Wednesday, February 24, 2010

Taking Back Buffet

I've been thinking about writing this since long before my blog was born. But it's so personal and sometimes even still so painful that I've been holding off. I was cautioned recently not to "let it all hang out," and this may indeed cross a line of public decency. What I need to say is not the stuff of polite conversation; it will probably make you uncomfortable.

But in the past 24 hours I've had three signals blare loudly at me, telling me that this story is not to be held off any longer. And sometimes, when you feel like the signals might be coming from God, you have to give in and listen even if you don't understand why.

Luke and Natalie had a typical fight this past weekend. She did this, he did that, and at some point he held on to her just a little too long. He claimed it was meant to be a conciliatory hug; she felt restrained against her will. And as Bryan and I mediated the aftermath of the fight, my own past snuck up and surprised me with its old pain. I had started to explain to Luke that God made men bigger and stronger than women, not to overpower them, but to protect them. And I could barely get through the lesson because my voice began to give out under the weight of memory.
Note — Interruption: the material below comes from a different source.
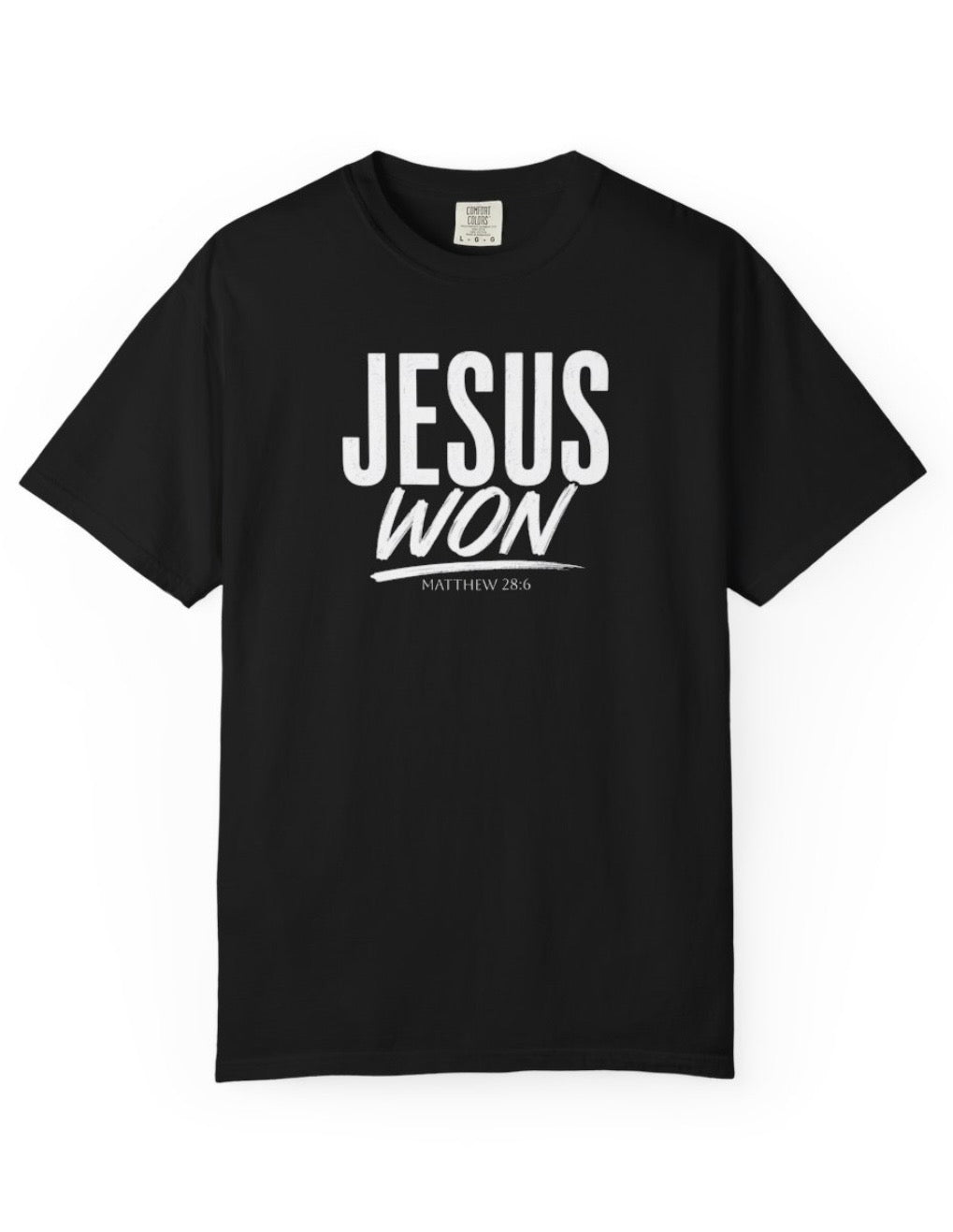 Jesus Won Tee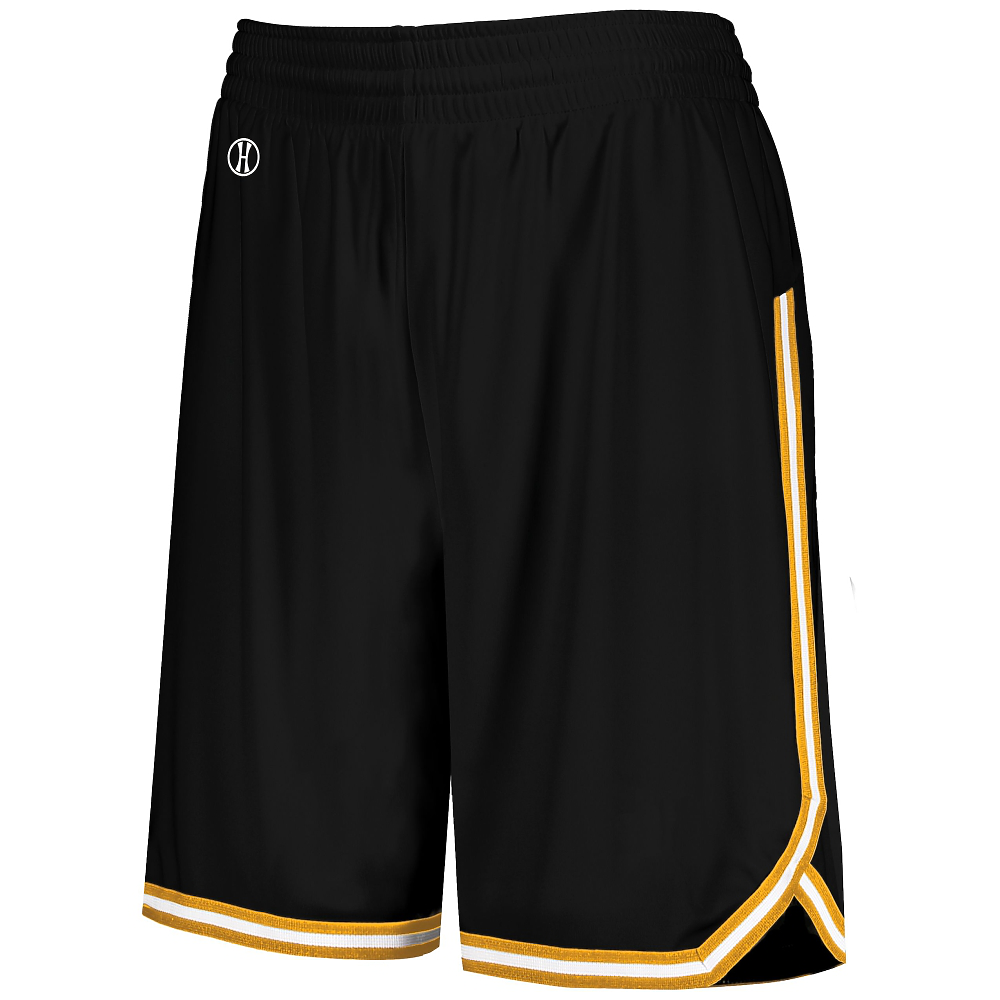 Holloway Ladies Retro Basketball Shorts CarolinaMade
I was fifteen when I met Blake. That's not his real name, but I'm using it to protect his privacy and also, mostly, because it is sometimes too hard for me to write or say his real name out loud. We met in the church youth group-- a perfect place for a wolf in sheep's clothing to prowl. He was a senior, almost eighteen, and I could hardly believe he'd pay any attention to a freshman girl.

He made no secret of the fact that he was condescending to date a kid like me and took every opportunity to put me in my place. Once when I mentioned that I liked the smell of his hair, he shot back that it was his shampoo I liked (stupid girl). Another time, my little brother did something to aggravate me, and whatever I said in response must have had a tone of threat in it. Blake grabbed a fork off the kitchen counter and backed me into a corner, pointing the fork, hate seething in his eyes. I can't remember his words, but I am sure they were stronger than the ones he was so furious that I'd used on my brother.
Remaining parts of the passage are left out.